Les Traversées baroques se sont fait une spécialité des musiques post-conciliaires, entendez par là celles qui suivirent Concile de Trente, source de la Contre-Réforme et du baroque. Après avoir remarquablement illustré la musique de compositeurs rares de la Pologne de ce temps, l’ensemble se tourne maintenant vers l’Amérique andine, celle de l’Altiplano, dont Lima apparaît la capitale religieuse, politique et culturelle. Depuis quelques décennies, l’intérêt pour ces musiques a débordé le cercle restreint des spécialistes et a conquis les faveurs d’un public de plus en plus large, celui de ce soir en fait la démonstration.
On sait que l’évangélisation des autochtones était au cœur des préoccupations des rois catholiques et de leurs successeurs. Les mélodies grégoriennes, les polyphonies venaient de Tolède – la mozarabe – et de Séville, où brillait Francisco Guerrero, inondant les grands centres religieux. Simultanément, les missionnaires développèrent des musiques spécifiques pour leur enseignement, leurs paroisses et les couvents, avec des emprunts aux langues et pratiques musicales locales. Deux noms émergent parmi ceux des compositeurs de Lima : Juan de Araujo, et Torejon y Velasco, compositeur davantage tourné vers la musique profane, auteur du premier opéra du Nouveau-Monde.

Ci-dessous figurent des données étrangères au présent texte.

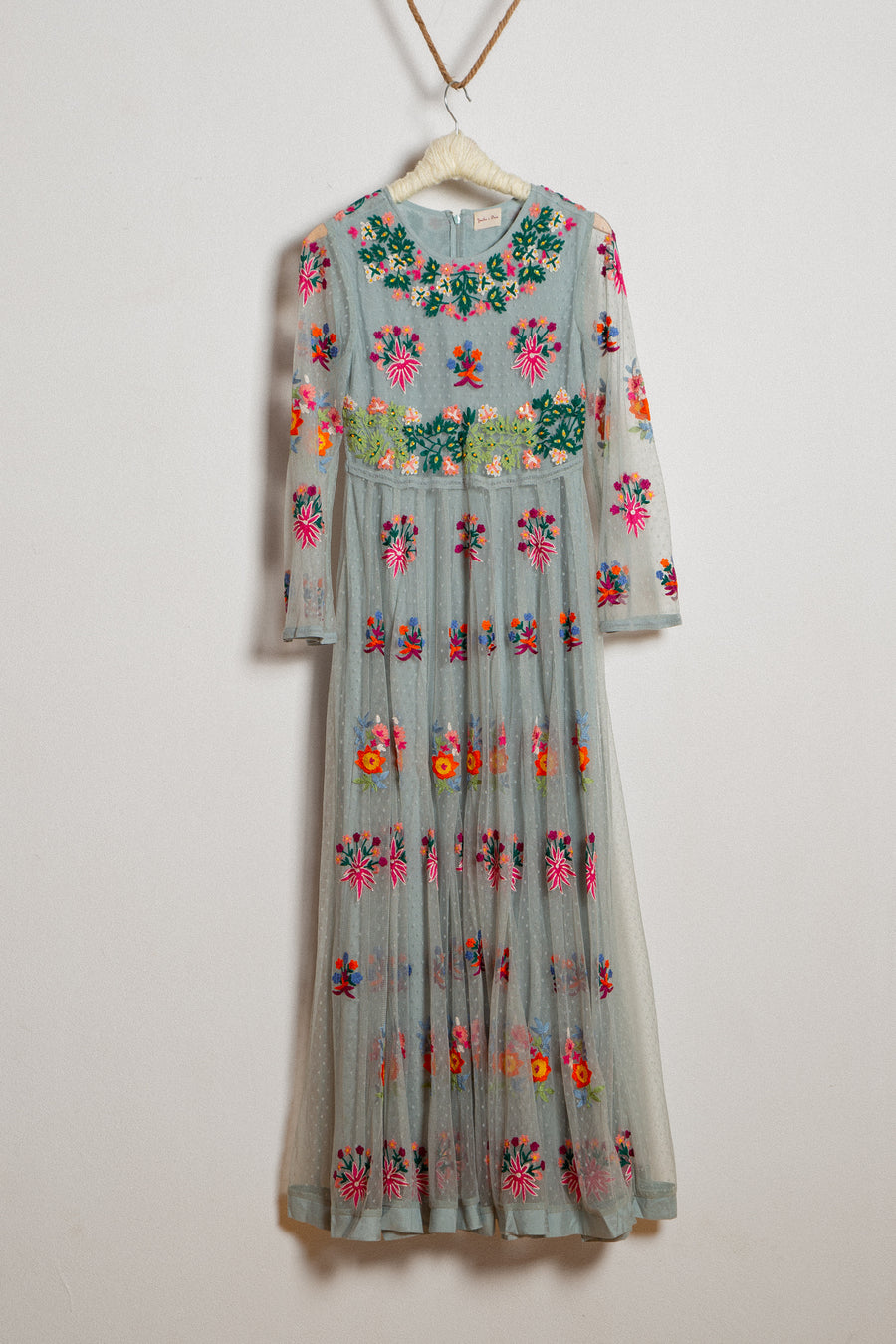 Ofelia’s bride dress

Rythmée au tambour traditionnel de la région, l’entrée, comme la sortie, s’effectueront de façon spectaculaire avec une musique de procession, au moyen de laquelle instrumentistes et chanteurs gagneront leurs pupitres. Le programme coloré où pièces de dévotion , batailles et scènes animées se mêlent, renouvelle l’intérêt en permanence : Etienne Meyer joue sur les oppositions, les contrastes, les alternances tutti-soli, le double-chœur, les prémices du style concertant. Aucune oeuvre ne laisse indifférent, qu’elles soient rituelles, liturgiques ou paraliturgiques, qu’elles décrivent des affrontements, ou une course de taureau. On passe d’une atmosphère de ferveur à la joie débridée, insolente. Des rythmes de danse, enlevés, rompent ainsi la linéarité fréquente du chant sacré. La pièce anonyme « Un monsieur y un estudiante », qui narre les commentaires faits à l’occasion d’une procession par un Français et son compère sont d’une vie et d’un piquant qui surprennent heureusement. Les polyphonies – signées Guerrero ou anonymes – sont luxuriantes, d’où s’élèvent le chant de tel ou telle soliste. Ceux-ci sont tous familiers de la musique baroque, également connus, que nous retrouvons réunis autour d’Etienne Meyer. Le plus souvent c’est à un par partie qu’ils interviennent, ce qui favorise la clarté des polyphonies. Anne Magouët et Capucine Keller, les deux dessus dont la voix plane sur la polyphonie, font ainsi merveille. L’instrumentarium très riche, avec de nombreux musiciens polyinstrumentistes, qui passent de la guitare au luth ou au théorbe, du cornet à la flûte à bec, du positif au clavecin, de la flûte à la chalemie et à la bombarde, les combinaisons les plus diverses sont proposées, avec, toujours, un beau continuo. Les tempi et rythmes variés, changeants, les métriques, les accentuations, les hémioles confèrent une grande souplesse au discours. Etienne Meyer donne un souffle singulier à ces musiques chaleureuses, une sorte d’expressionnisme, fondé sur une pratique et une connaissance approfondie de ces répertoires et des textes. Toujours précis, dynamique, attentif à chacun de ses chanteurs, avec lesquels il fait corps.
Attendons donc l’enregistrement qui ne manquera pas, pour revivre et partager ce moment exceptionnel.